Google Cloud Storage
Ingest data from any Google Cloud Storage (GCS) bucket into Onehouse tables.
Click Sources > Add New Source > Google Cloud Storage. Then, follow the setup guide within the Onehouse console to configure your source.
Cloud Provider Support
- AWS: Not supported
- GCP: ✅ Supported
Prerequisites
- Ensure that you have granted permission to the bucket in the Terraform or CloudFormation configurations when you connected your cloud account.
- Your GCS bucket should not have any notification rule configured to it
Schema
By default, Onehouse will infer the source schema by reading a sample of the files to be ingested.
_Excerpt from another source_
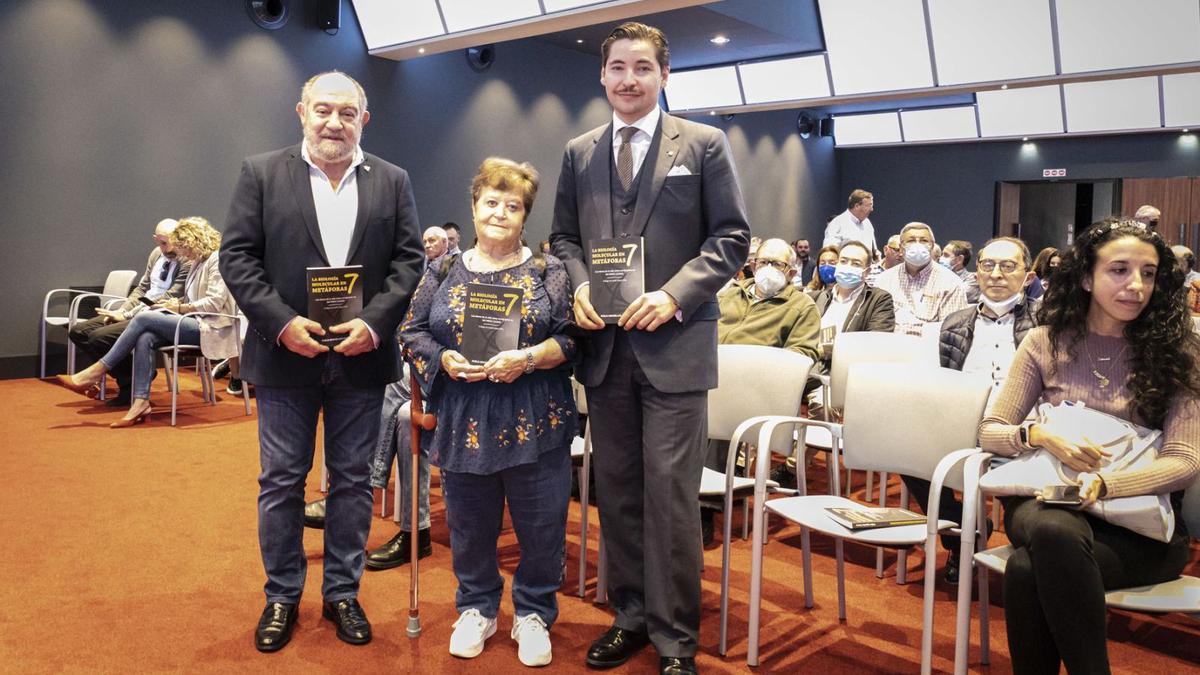 De izquierda a derecha, Antonio Fueyo, María José Álvarez y Pablo Argüelles, minutos antes de la presentación en el Club Prensa Asturiana.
Alternatively, you can provide a schema for the incoming records with a schema registry.
Supported File Formats
Onehouse supports the following file formats for ingestion from GCS:
- Parquet
- Avro
- JSON
- Single-object JSON files
- JSON file with a key and list as a value
- NDJSON files
- JSON files with lists of objects (use the Explode Array transformation in your Flow)
- JSONL
- CSV
- ORC
- XML
Usage Notes
- Each file is processed exactly once.
- If the content of an object key is modified by overwriting it, Onehouse may or may not process the updated content, depending on when the object is consumed.
- To ensure data correctness and completeness, it is recommended to create a new file instead of modifying the content of an existing object.